# [Work item]
What you output must match, exactly, the lines from the start of the records to the line containing "ĳ׵׷۰a(chn)2܇gO(sh)Ӌˇ̈D", both ends kept and pictures excluded.
----
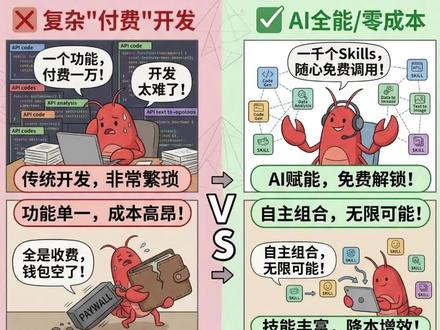 一个指令让openclaw变聪明,几千个skills免费用。 一个指令让你的openclaw变聪明,几千个skills免费用!
#openclaw #AI工具 #人工智能 #提示词 #一个人公司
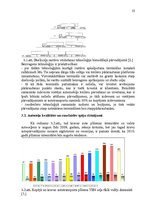 Referāts 'Starptautiskie auto pārvadājumi', 23.
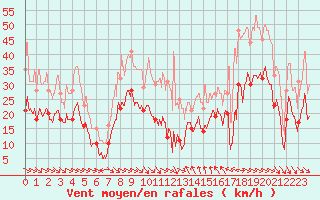 Courbe de la force du vent pour Montpellier (34)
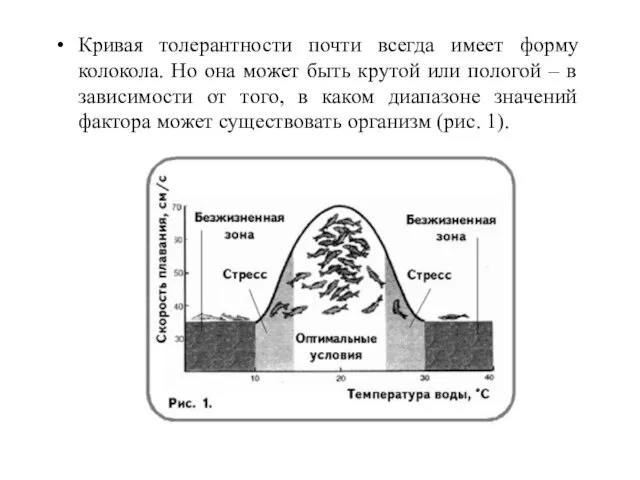 Кривая толерантности почти всегда имеет форму колокола. Но она может быть крутой или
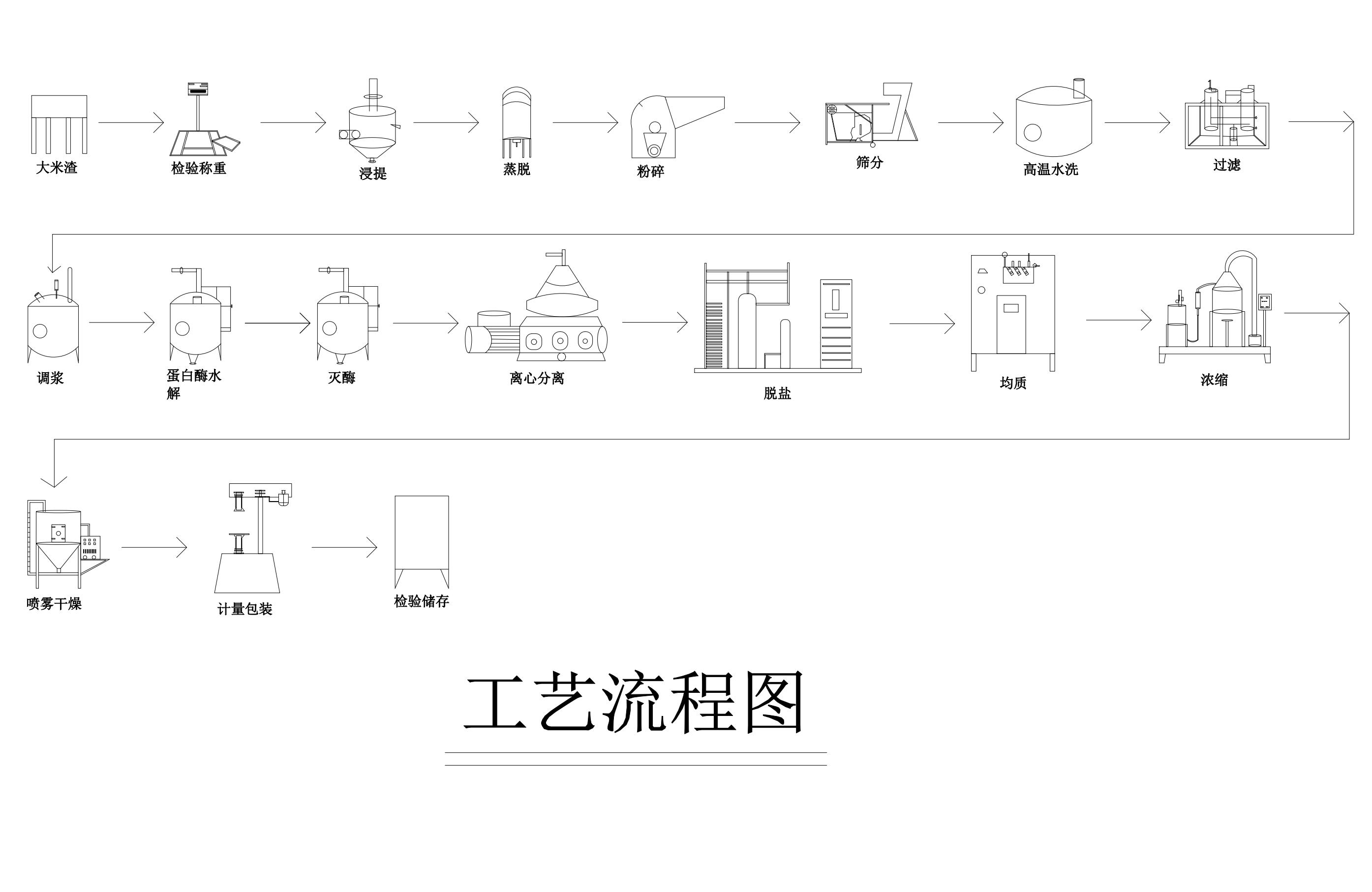 ĳ׵׷۰a(chn)2܇gO(sh)Ӌˇ̈D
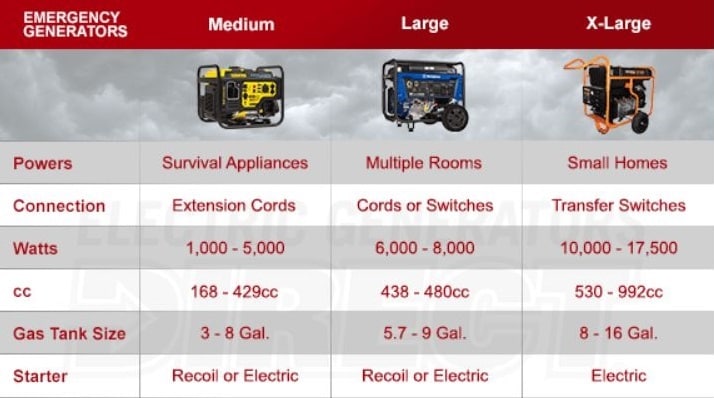 Types of Portable Emergency Generators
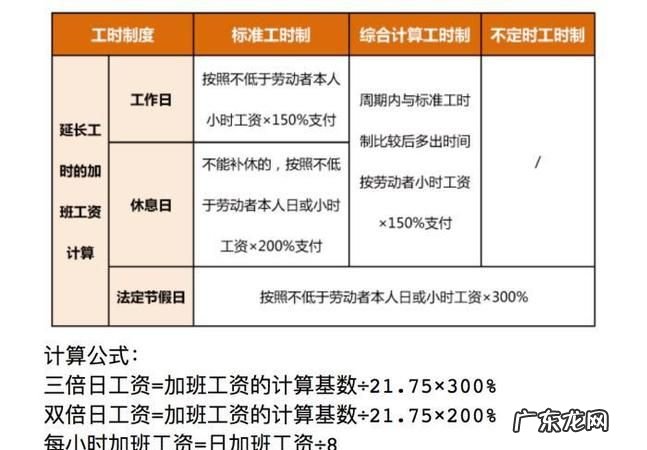 加班费计算方法都有哪些,周六加班工资怎么计算公式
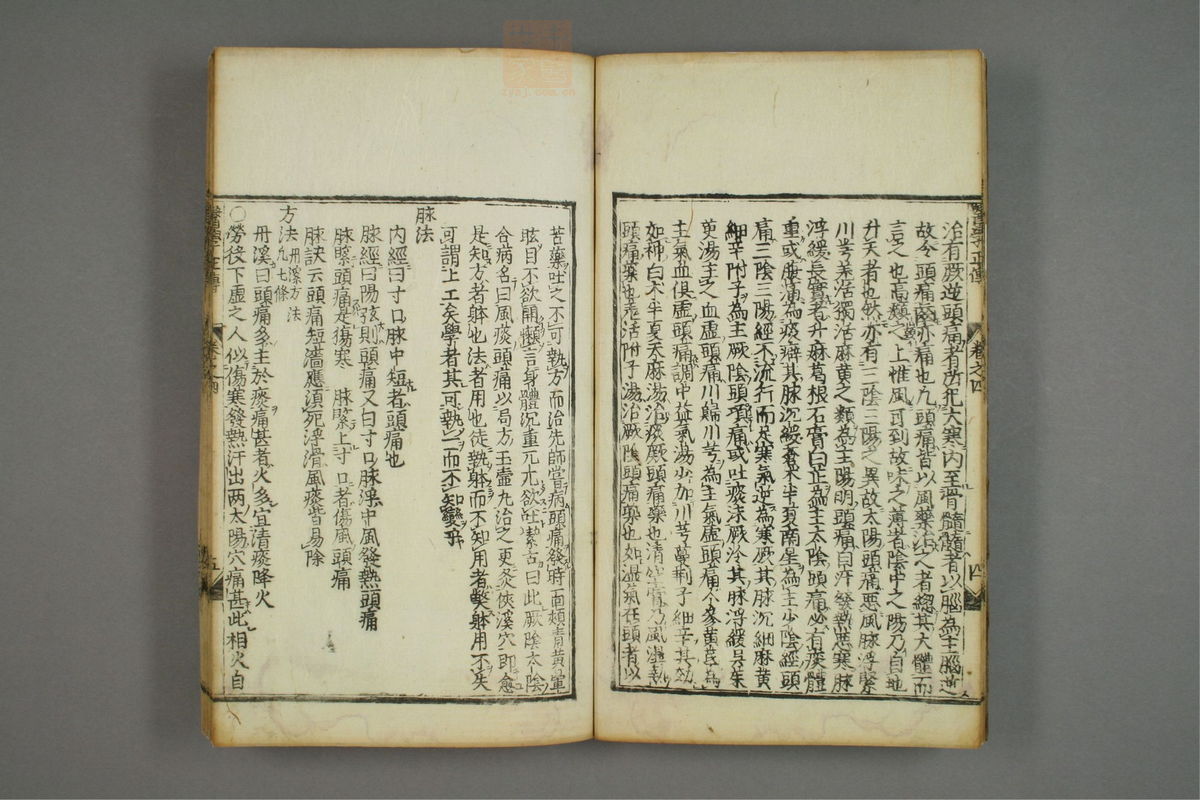 医学正传(第237页)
----
# [Exercise solution]
 一个指令让openclaw变聪明,几千个skills免费用。 一个指令让你的openclaw变聪明,几千个skills免费用!
#openclaw #AI工具 #人工智能 #提示词 #一个人公司
 Referāts 'Starptautiskie auto pārvadājumi', 23.
 Courbe de la force du vent pour Montpellier (34)
 Кривая толерантности почти всегда имеет форму колокола. Но она может быть крутой или
 ĳ׵׷۰a(chn)2܇gO(sh)Ӌˇ̈D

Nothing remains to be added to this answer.